Data provided
+++++

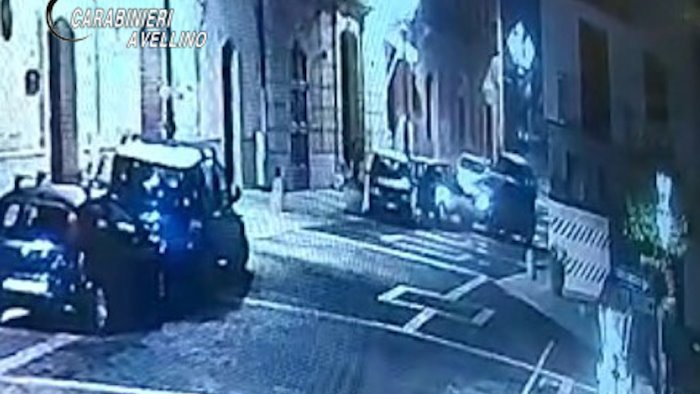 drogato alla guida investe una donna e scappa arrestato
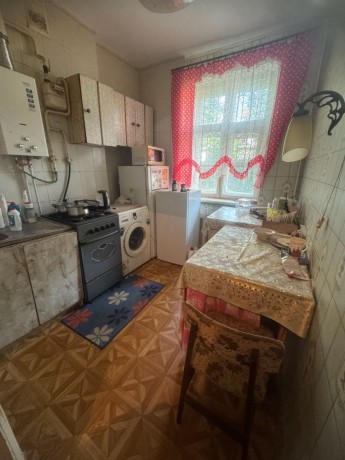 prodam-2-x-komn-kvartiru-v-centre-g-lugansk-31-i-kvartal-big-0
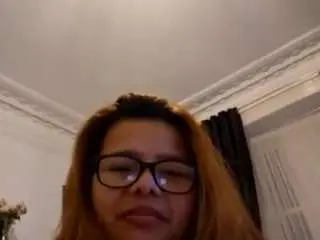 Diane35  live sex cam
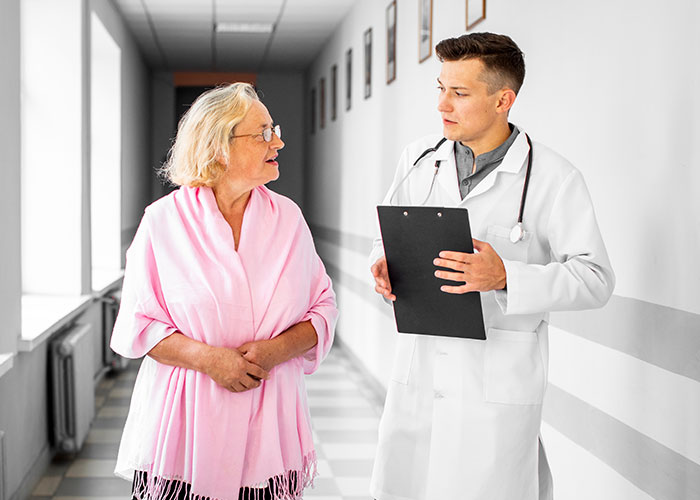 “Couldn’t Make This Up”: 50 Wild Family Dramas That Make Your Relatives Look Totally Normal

+++++

Your task
A word-for-word copy of the listing is needed. It must not include the pictures.

Output of the exercise
 drogato alla guida investe una donna e scappa arrestato
 prodam-2-x-komn-kvartiru-v-centre-g-lugansk-31-i-kvartal-big-0
 Diane35  live sex cam
 “Couldn’t Make This Up”: 50 Wild Family Dramas That Make Your Relatives Look Totally Normal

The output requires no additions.